Non-Disparagement. Each party agreed not to, directly or indirectly, in any capacity or manner communicate in a way that could reasonably be construed to be derogatory or critical of, or negative toward, the other parties or that maligns, harms, disparages, defames or damages the reputation or good name of the other parties.

Standstill. Each Shareholder Party agreed to comply, and cause its representatives to comply, with certain standstill obligations described in the Cooperation Agreement during its term, including, among others, (a) not to purchase Common Stock or any other securities of the Issuer and as a result become the holder of more than 20.0% of the Issuer’s then outstanding voting securities, and (b) not to sell Common Stock to a person that the Shareholder Party (i) knows has filed (or threatened to file) a proxy statement in opposition to the Issuer’s recommendations, nominees or proposals within a certain period of time prior the sale or (ii) has reasonable cause to believe intends to engage in a proxy campaign in opposition to the Issuer’s recommendations, nominees or proposals. The standstill obligations of the Shareholder Parties are subject to certain conditions and exceptions described in the Cooperation Agreement. Each Shareholder Party has agreed to the standstill restrictions from the date of the Cooperation Agreement until the termination of the Cooperation Agreement.

Termination. The Cooperation Agreement will be terminated as to a Shareholder Party upon the earliest to occur of (a) the Shareholder Party owns less than 2.5% of the Issuer’s then outstanding voting securities, (b) the New Director designated by the Shareholder Party is not re-nominated for election to the Board or is not re-elected at an annual meeting, and (c) the consummation of an Extraordinary Transaction (as defined in the Cooperation Agreement).

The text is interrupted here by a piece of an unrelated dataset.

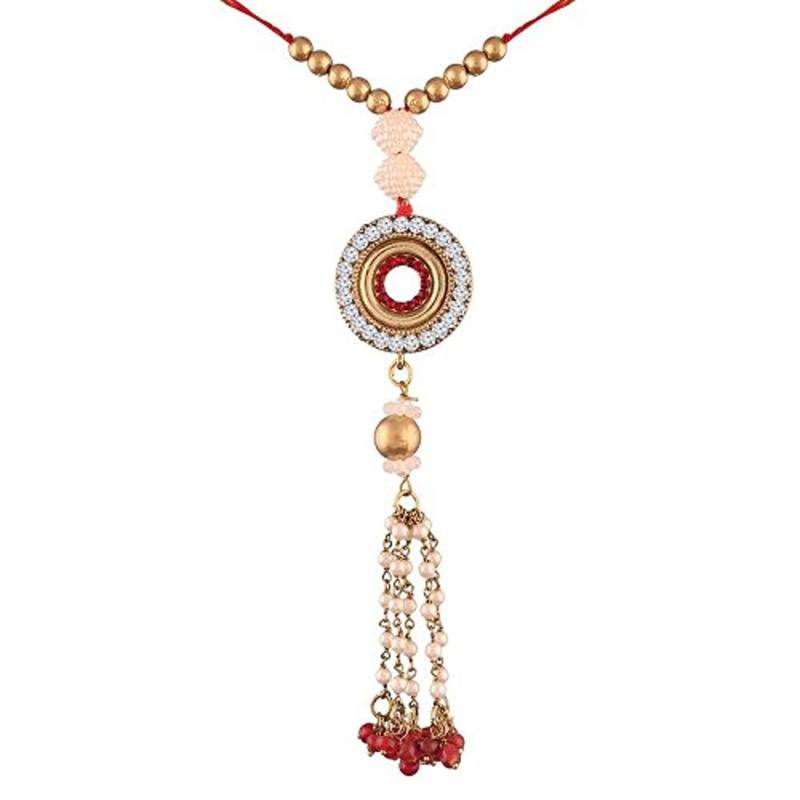  Pearl And Stone Studded Lumba Rakhi For Boys/Men (R615-L)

The foregoing description of the Cooperation Agreement does not purport to be complete and is qualified in its entirety by reference to the full text of the Cooperation Agreement. The Cooperation Agreement has been included to provide investors with information regarding their terms. It is not intended to provide any other factual information about the Reporting Persons, the Newtyn Parties, the Issuer or their respective subsidiaries or affiliates. The representations, warranties and covenants contained in the Cooperation Agreement were made only for purposes thereof and as of specific dates, were solely for the benefit of the parties thereto, may be subject to limitations agreed upon by the parties, and may be subject to standards of materiality applicable to the parties that differ from those applicable to other investors in the Issuer. Investors in the Issuer are not third-party beneficiaries under the Cooperation Agreement and should not rely on the representations, warranties and covenants or any descriptions thereof as characterizations of the actual state of facts or condition of the parties thereto or any of their respective subsidiaries or affiliates. Moreover, information concerning the subject matter of representations and warranties may change after the date of the Cooperation Agreement, which subsequent information may or may not be fully reflected in the Issuer’s public disclosures.

 

4


Other Plans or Proposals of the Reporting Persons

Subject to the terms and provisions of the Cooperation Agreement, the Reporting Persons may communicate with the Board, members of management and/or other stockholders from time to time with respect to operational, strategic, financial, governance, or other matters and otherwise work with management and the Board with a view to maximizing stockholder value. The Cooperation Agreement does not grant the Reporting Persons any additional or unique rights to communicate with the Board or the Issuer.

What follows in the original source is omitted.